Repeat only what runs from the line with "成都郫都区考研培训班哪个师资最好" through the last line of the data below, both included, keeping every word as it is and leaving out the pictures.

> **AVAILABLE DATA**:
##########
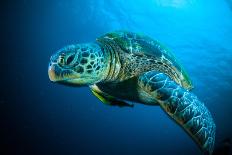 Sea Turtle Swimming Bunaken Sulawesi Indonesia Mydas Chelonia Underwater Photo-fenkieandreas-Premier Image Canvas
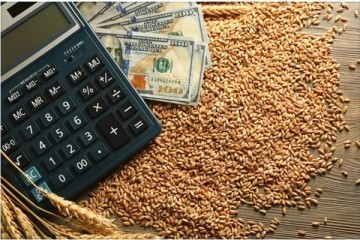 زنگ هشدار برای امنیت غذایی به صدا درآمد / وزارت جهاد کشاورزی چه پاسخی دارد؟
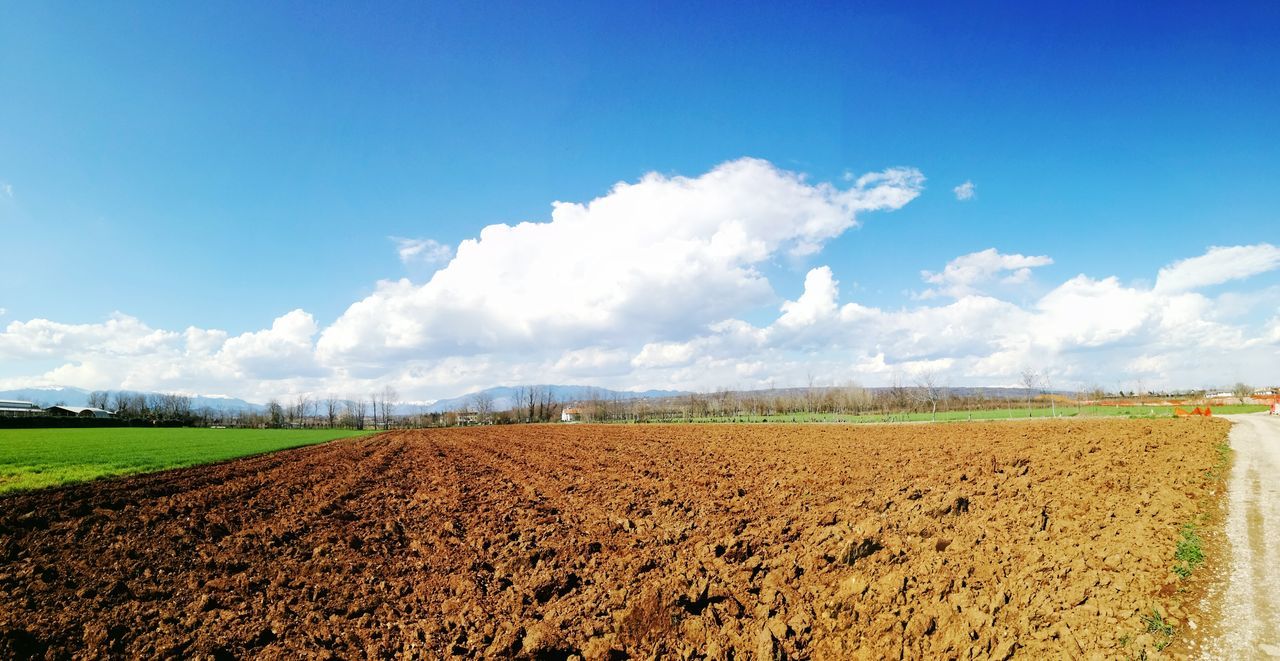 sky, landscape, cloud - sky, environment, land, field, agriculture, tranquil scene, tranquility, scenics - nature, day, rural scene, beauty in nature, nature, plough, farm, no people, plant, blue, growth, outdoors, plantation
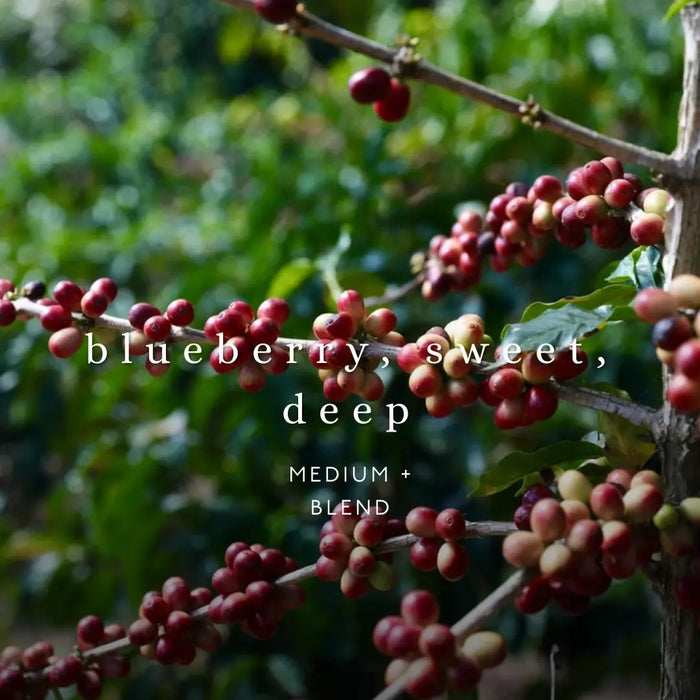 Blue Velvet Blend Whole Bean Coffee 12 oz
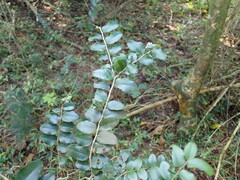 Dovyalis rhamnoides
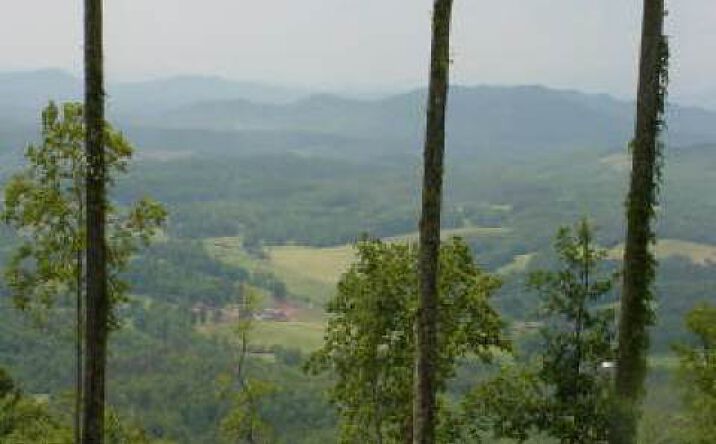 Brasstown Heights, Brasstown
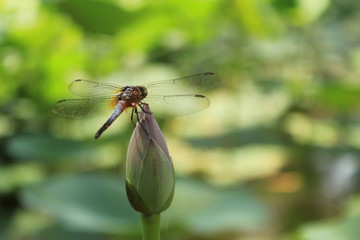 Dragonfly on flower bud on summer. Dragonfly macro photo. Dragonfly flower view.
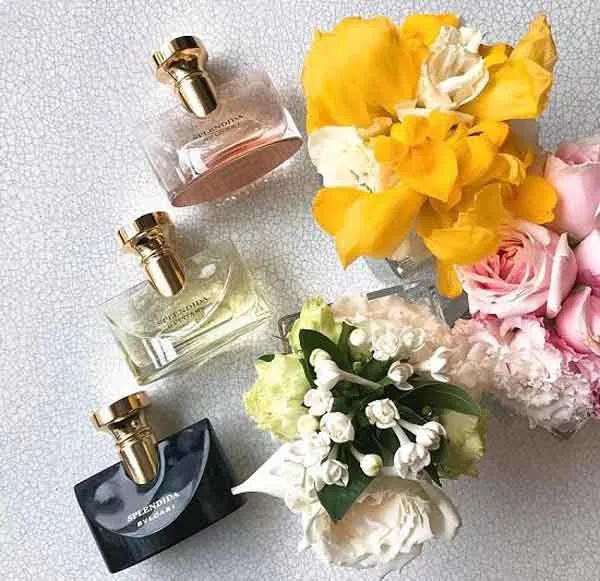 Top 17 chai nước hoa nữ tông hoa hợp dùng mùa hè, giá dưới 3 triệu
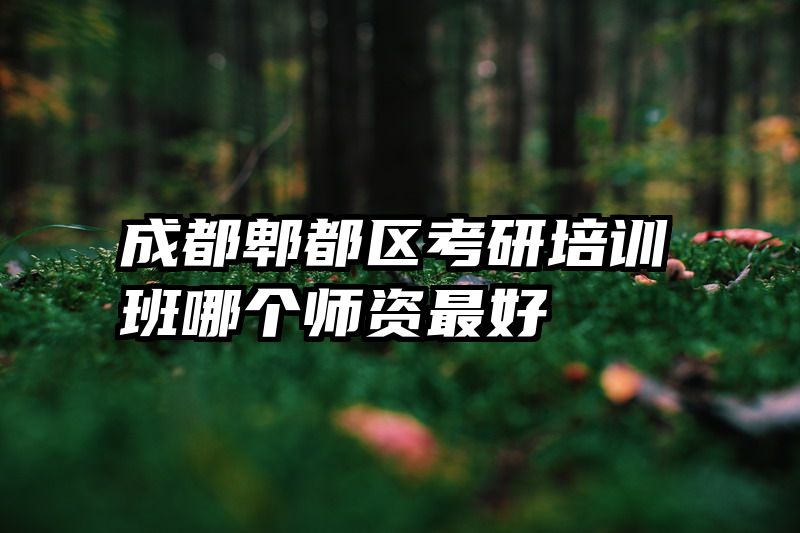 成都郫都区考研培训班哪个师资最好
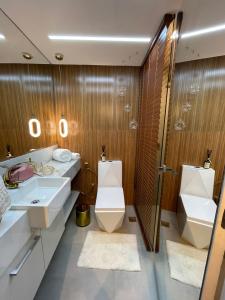 里约热内卢Flat Moderno e decorado Lapa-RJ的一间带水槽、卫生间和淋浴的浴室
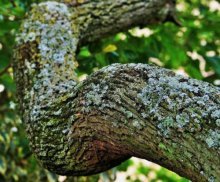 Symbolbild Baum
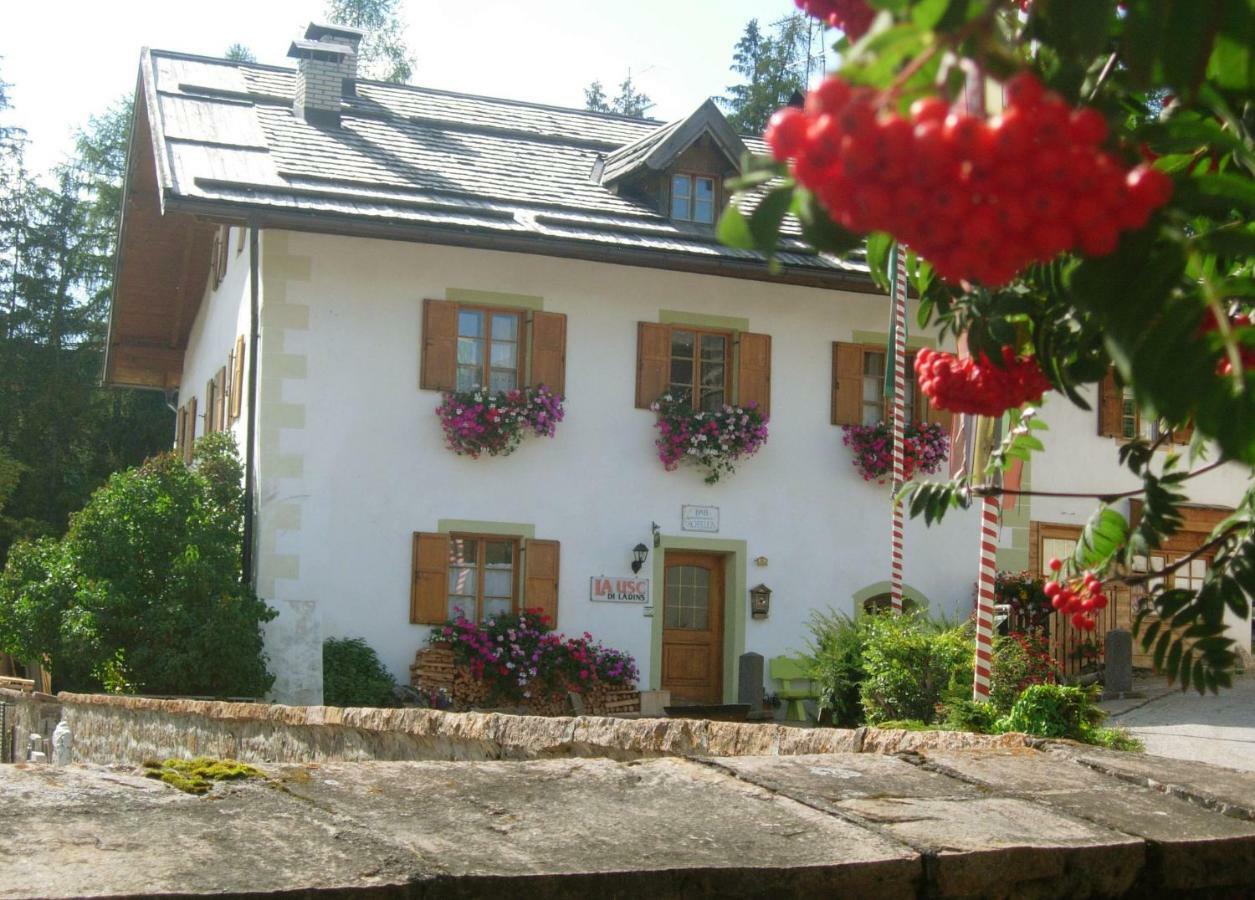 Achillea Bed & Breakfast Vigo di Fassa Kültér fotó
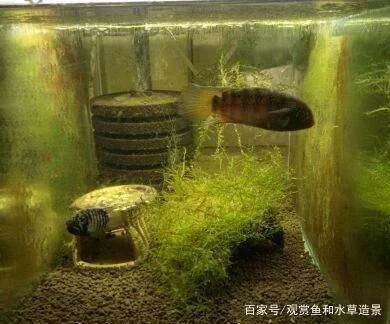 家里养鱼养什么鱼好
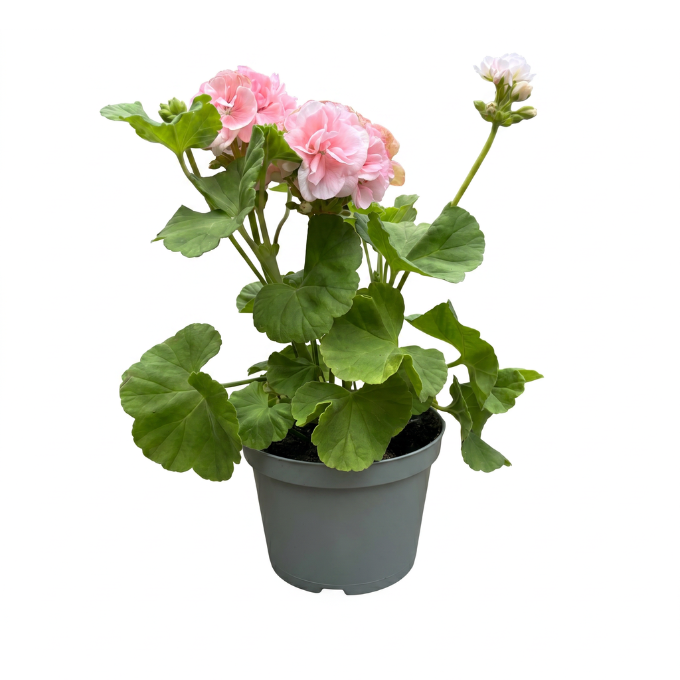Royale pelargonier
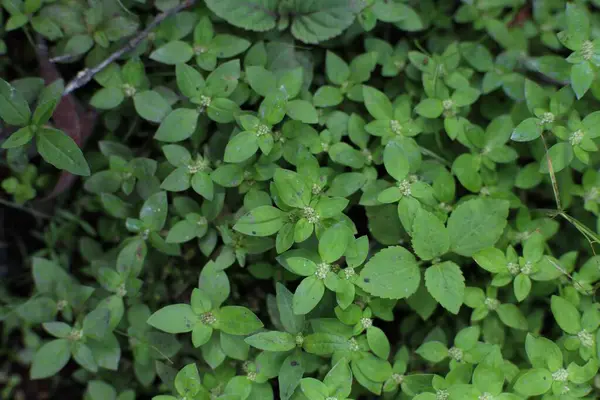 Küçük yaprakları ve beyaz çiçekleri olan küçük yeşil bitkilerin oluşturduğu bir alan taze ve doğal bir zemin oluşturuyor..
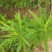 柳蒿种子东北山野菜纯野生柳蒿种子东北蘸酱菜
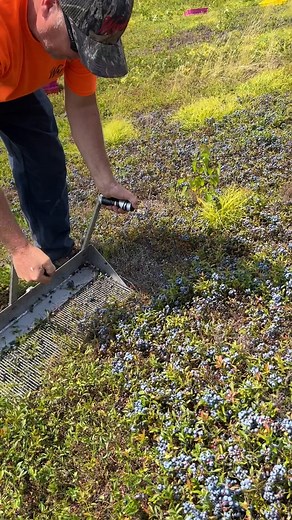 653K views · 3.1K reactions | Wild blueberries being raked by hand at Wyman's is THE most-satisfying thing you can watch!  And Maine's harvest is in season right now! #FoodNetworkFinds Fun fact: You can buy frozen wild blueberries all-year-round! Wild Blueberries | Food Network | Facebook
##########
> **YOUR SOLUTION**:
 成都郫都区考研培训班哪个师资最好
 里约热内卢Flat Moderno e decorado Lapa-RJ的一间带水槽、卫生间和淋浴的浴室
 Symbolbild Baum
 Achillea Bed & Breakfast Vigo di Fassa Kültér fotó
 家里养鱼养什么鱼好
Royale pelargonier
 Küçük yaprakları ve beyaz çiçekleri olan küçük yeşil bitkilerin oluşturduğu bir alan taze ve doğal bir zemin oluşturuyor..
 柳蒿种子东北山野菜纯野生柳蒿种子东北蘸酱菜
 653K views · 3.1K reactions | Wild blueberries being raked by hand at Wyman's is THE most-satisfying thing you can watch!  And Maine's harvest is in season right now! #FoodNetworkFinds Fun fact: You can buy frozen wild blueberries all-year-round! Wild Blueberries | Food Network | Facebook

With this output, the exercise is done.